Let’s have a quick throwback to when Judd Nelson was a total badass hottie who could light a match with his teeth. The year was 1985–a brain, an athlete, a basket case, a princess, and a criminal were trapped in detention on a Saturday, with a villainous principal. Little did they know, it would be one heck of a life-changing detention. As the film progresses, they come to realize that they are all more than their respective stereotypes and eventually came together as friends, in spite of their social differences. It’s a truly touching and life teaching epic that left a great impact to survive decades of profound remembrance and fame.

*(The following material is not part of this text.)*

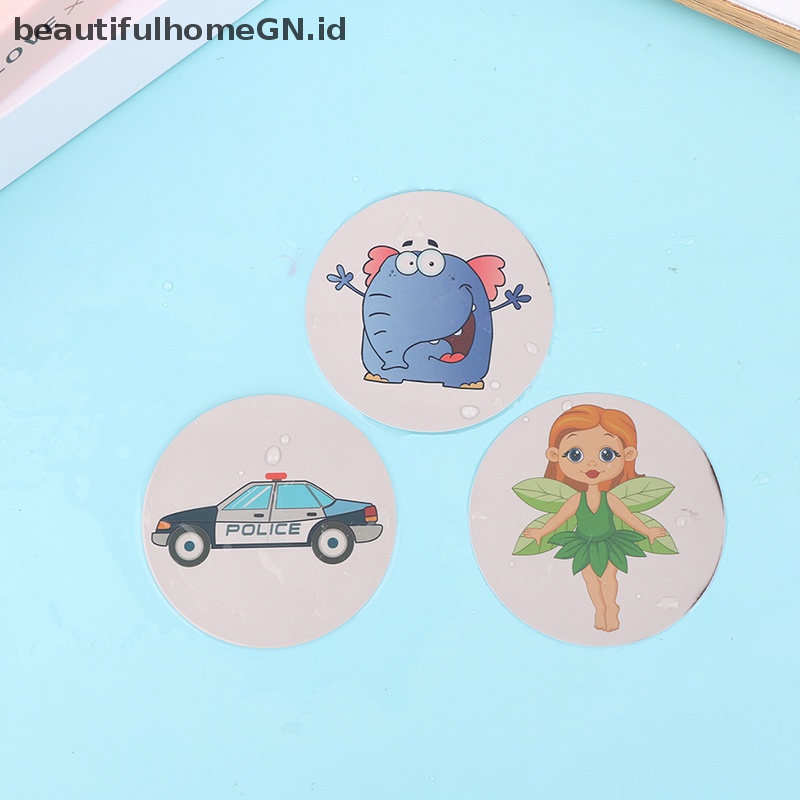 {Cantik} 1set Stiker Berubah Warna Thermochromic Toilet Sticker Urinal Training Stiker~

A relatable one too, considering it targets all types of teenagers and even adults by addressing the issue of stereotyping and bullying.
We can’t lie, there are still cliques and stereotypes that define teenagers in high school and this can’t possibly happen in a detention in the 21st century because technology has taken over our lives and we’d find a way to sneak in phones and other fancy gadgets into detention.
But let’s turn away from that and take a moment to appreciate what The Breakfast Club taught us.
First – That even though it’s easy to pigeonhole people into groups, everyone is more complex than that.
Take Judd Nelson’s character, John Bender, for example, he’s the criminal he’s portrayed to be in school because his father was an abusive alcoholic and his mother was uncaring and unloving.
Second – The phrase ‘eat my shorts’. So I guess this was considered a pretty rebellious insult.
Anytime you feel like rebelling to your teachers or parents, go ahead with this bizarre comeback. Although I must warn you, Bart Simpson also started saying it in the 90s and you might just get laughed at.
Third – How to make a cereal sandwich.
Get your sandwich out and open it up, throw away any filling to the side, sprinkle three packets of sugar all over the bread followed by some cereal of your choice on one slice and get the two slices of bread into one piece again and voila! P.S. Apparently, sushi isn’t a bad choice of lunch either. Just pack some raw fish and wasabi on a regular basis. No big deal.
Fourth – You can learn a lot about a person by observing how they cope with utter boredom.
So kids (of all ages), it’s been thirty years and the last lesson the film taught us is an advice I’d give to you all who haven’t seen the movie is this: you’re better off defining yourself rather than letting everyone else decide who you are, and allowing them to treat you accordingly.